The task: Set every line of the data down again exactly, and keep the pictures out.

Data listing:
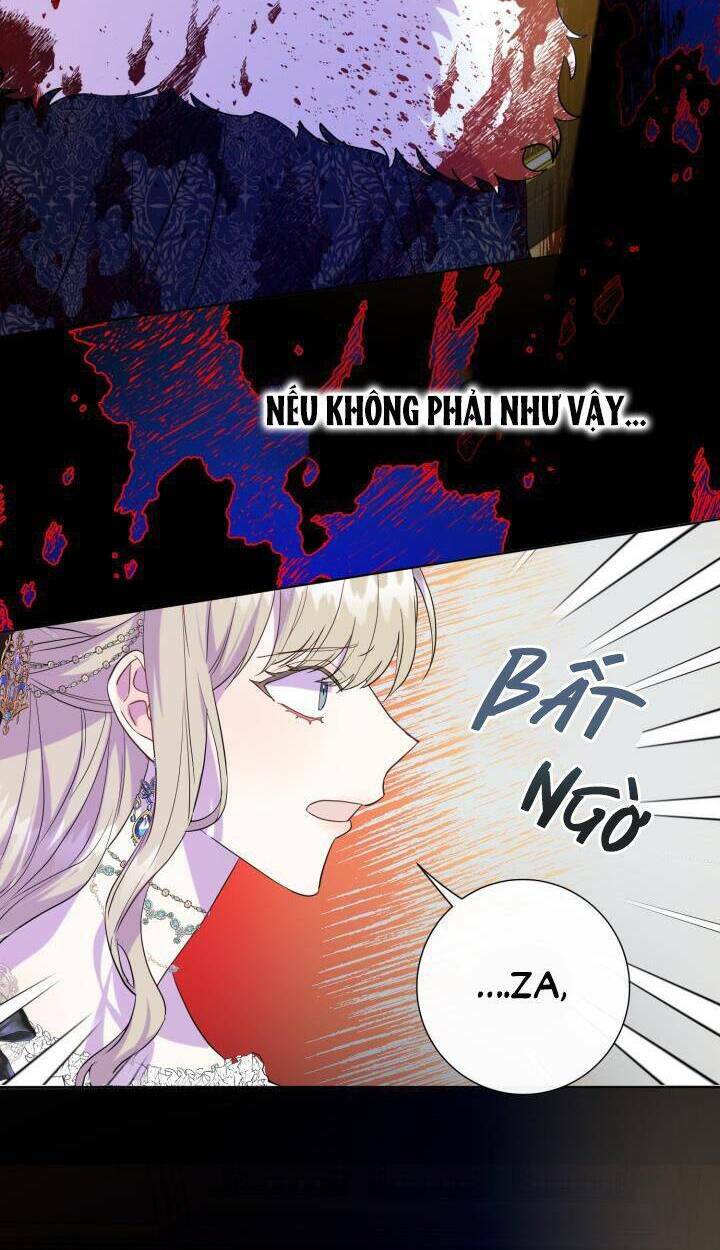 Xin Ngài Đừng Ăn Tôi. Chapter 58 - Trang 2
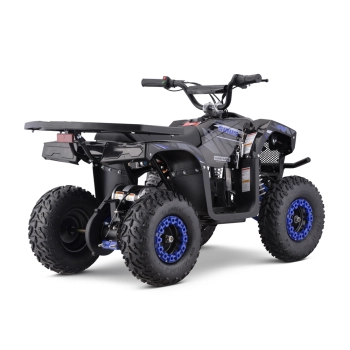 Quad Na Akumulator OUTLANDER ATV- 13EA Niebieski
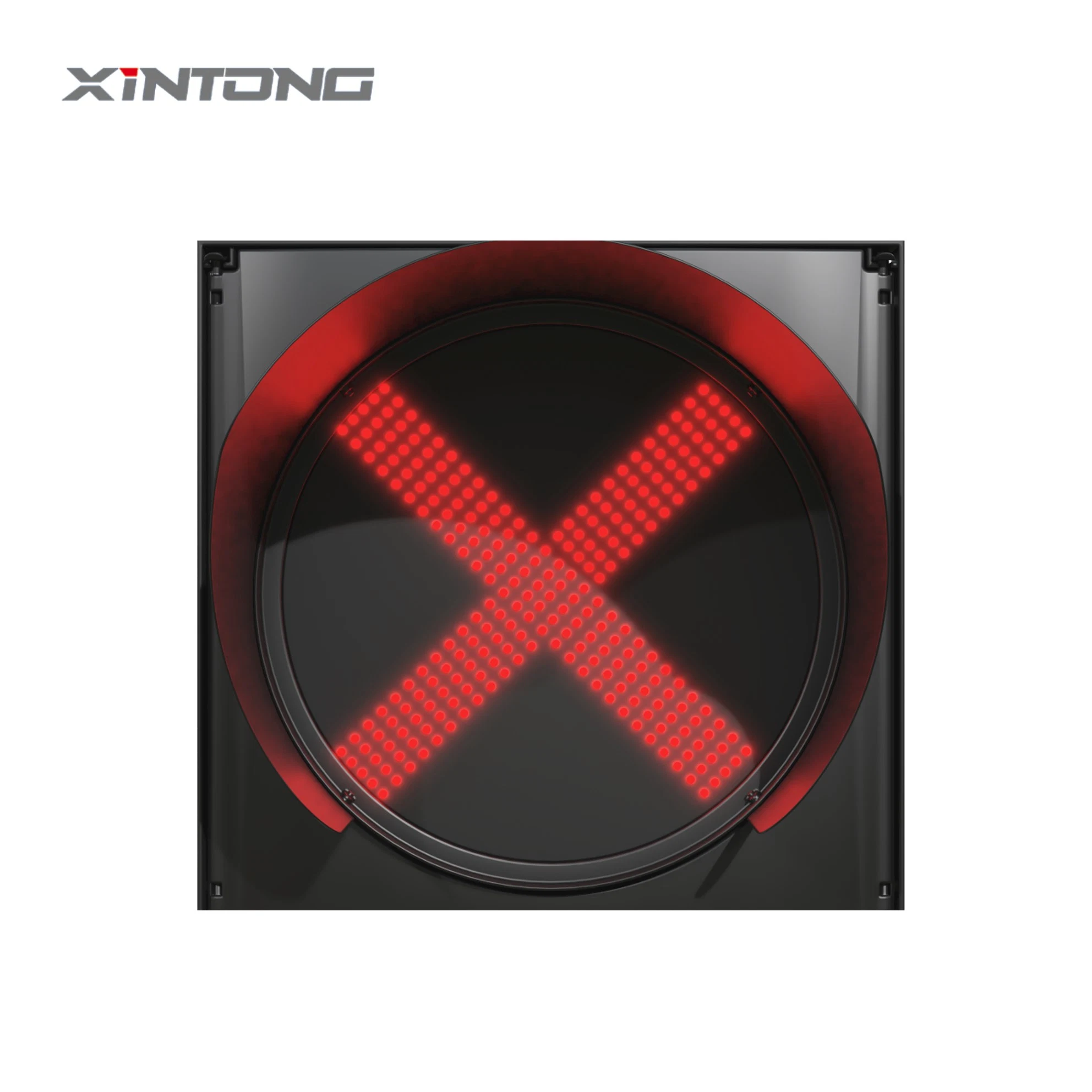 Xinong bietet eine breite Palette von Verkehrssignalprodukten an Erfüllen Sie Unterschiedliche Anforderungen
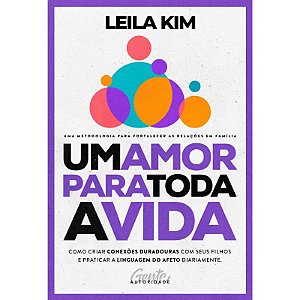 Amor para Toda a Vida, Um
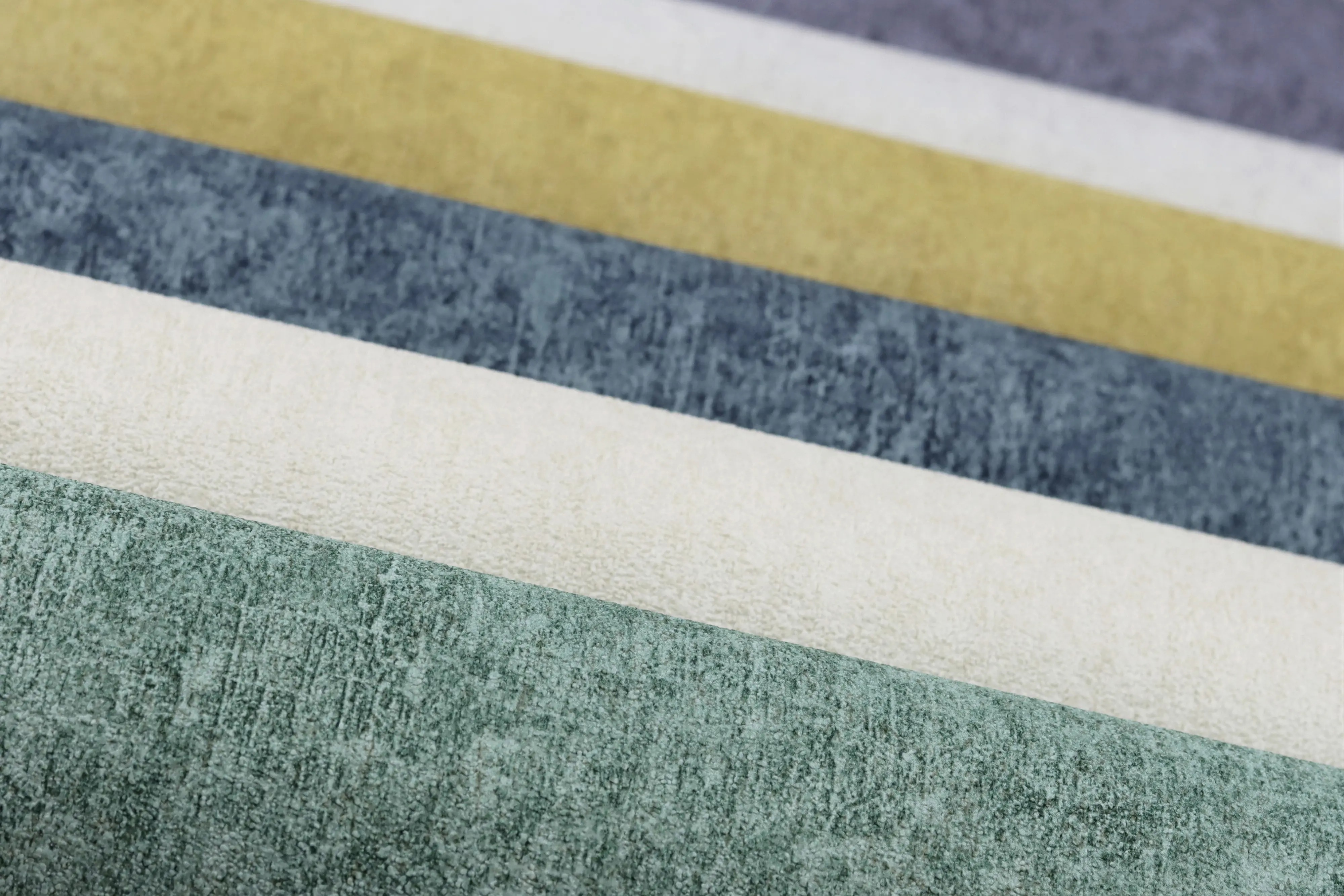 Rasch Vliestapete 617146 Linares uni blau 10,05 x 0,53 m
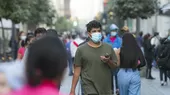 Minsa lanza alerta epidemiológica ante incremento de casos ómicron - Noticias de alerta-epidemiologica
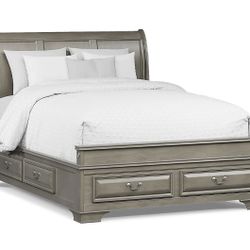 🚨 MUST SELL ASAP – Bedroom Set 🚨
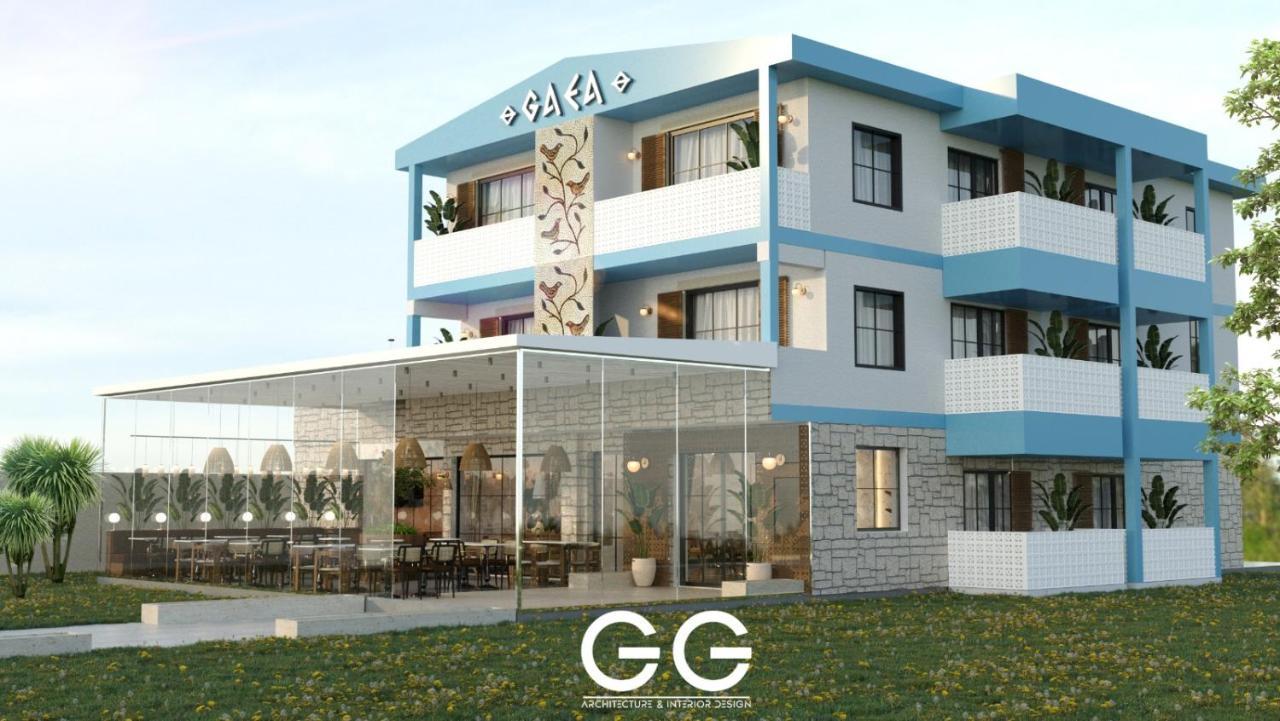 Sigacik Gaea Измир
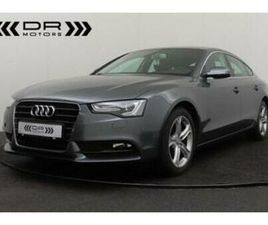 ② AUDI A5 B8 — AUDI — 2EMEMAIN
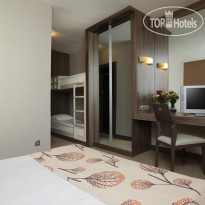 Dorukkaya Ski & Mountain Resort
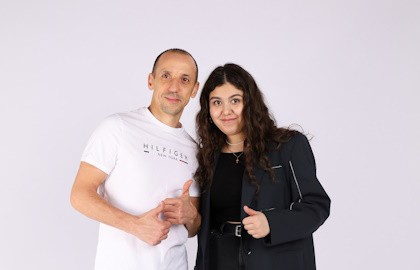 Сексистский микрофон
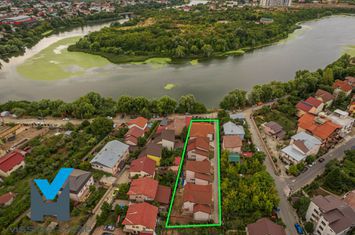 Inchiriere vila Dobroesti | pe malul lacului Fundeni anunturi imobiliare Bucuresti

Answer to the problem:
 Xin Ngài Đừng Ăn Tôi. Chapter 58 - Trang 2
 Quad Na Akumulator OUTLANDER ATV- 13EA Niebieski
 Xinong bietet eine breite Palette von Verkehrssignalprodukten an Erfüllen Sie Unterschiedliche Anforderungen
 Amor para Toda a Vida, Um
 Rasch Vliestapete 617146 Linares uni blau 10,05 x 0,53 m
 Minsa lanza alerta epidemiológica ante incremento de casos ómicron - Noticias de alerta-epidemiologica
 🚨 MUST SELL ASAP – Bedroom Set 🚨
 Sigacik Gaea Измир
 ② AUDI A5 B8 — AUDI — 2EMEMAIN
 Dorukkaya Ski & Mountain Resort
 Сексистский микрофон
 Inchiriere vila Dobroesti | pe malul lacului Fundeni anunturi imobiliare Bucuresti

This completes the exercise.